繊維強化プラスチックは、金属材料(合金)よりも丈夫で軽量なことが多く、重量と燃費が関係する乗り物での利用が多い。とくに軽量化が非常に重視される航空機宇宙機では多用される。ヘリコプターの回転翼にも使用され、関節の無いヒンジレスローターが実用化されている。また、繊維の方向を工夫することにより、亀裂が拡大しにくい構造にする事が可能で戦闘ヘリコプターは銃弾を受けても数分間は飛行可能である。 ボーイング787では重量の50%近くが複合材料に占められるほどになっている。これまで幅広く使用されてきたアルミニウム合金であるジュラルミンなどは、より性能の高い新型複合材料に置き換えられ使用量は減少傾向にある。ほかに自動車などでの利用もある。

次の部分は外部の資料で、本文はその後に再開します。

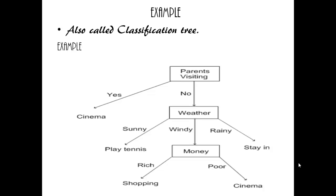Else, check the weather. If it is sunny, play tennis. If it is rainy, stay in. If windy, if rich, go for shopping, else go for cinema. This is a simple example for decision tree to make decisions.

繊維強化プラスチックとは逆に、重量増加のために使われる複合材料もある。モデルガン等の遊戯銃に使用されるヘビーウェイト樹脂は、プラスチックに重金属粒子を配合したもので、強度は低下するもののプラスチックでありながら金属のような質感、重量感を持っている。

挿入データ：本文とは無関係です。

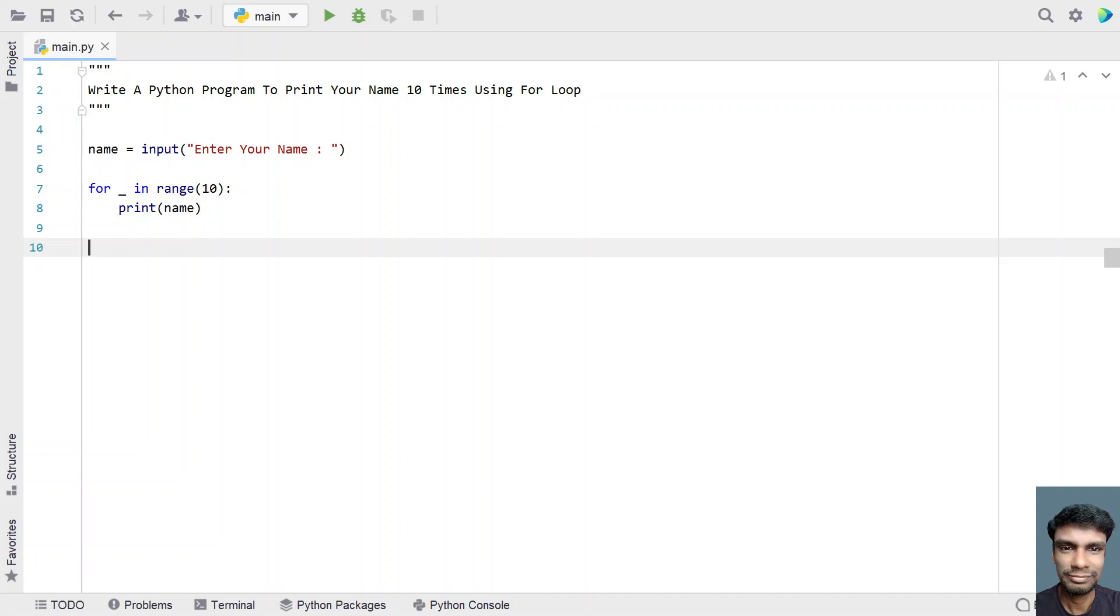This is a complete code to print your name 10 times using the for loop. I'll give this code in the description of this video. That's it in this video. Hope you liked it. Thank you for watching. Bye.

鉄筋(鉄骨)コンクリートや繊維強化プラスチックのような強化法の場合、コンクリートやプラスチックに相当する素材はマトリックス(母材)と呼ばれる。

樹脂母材による複合材は金属材料よりも高強度、軽量、錆びないなどメリットがある一方で、耐衝撃性においては金属材料に劣る。ターボファンエンジンのファンブレードには最近では複合材料が使用される例が増えているが、複合材料は金属材料に比べて耐衝撃性に劣るため、前縁部はチタンで覆われている。かつてロールス・ロイス plcRB211エンジンの開発時に当初、複合材製のファンブレードを採用したが、バードストライク試験をパスすることができず、大幅な改良に手間取っていたために資金繰りが悪化して倒産して国営化された。

開発の背景[編集]

古くはエジプト、藁と泥を混ぜた乾し煉瓦が最古と言われている。第二次世界大戦時に金属の供給が制限され、その時に木材やペーパーハニカムフェノール樹脂を含浸させた材料が代用資材として使用された。その素材を採用されたモスキート戦闘機は金属製の機体に比べて性能は遜色なかった。また、フェノール樹脂のおかげで腐る心配もなく、軽量で高強度を維持することができた。また、副次的効果としてレーダー反射断面積が小さく、敵のレーダーに捕捉されにくいという効果もあった(後にはこちらの機能が重視されるようになる)。戦後、その優れた特性を活かした用途として徐々に航空機やプレジャーボート、掃海艇、ラケット、つりざお、風力発電のブレード等に使用されるようになる。

複合材料の例[編集]

など

複合材料として用いられる素材の例[編集]

脚注[編集]

  1. ^ 三木光範、福田武人、元木信弥、北條正樹「複合材料」共立出版1997

文献情報[編集]

  • 「複合材料の力学と破壊について」末益博志(上智大学理工学部 機能創造理工学科)[1]

関連[編集]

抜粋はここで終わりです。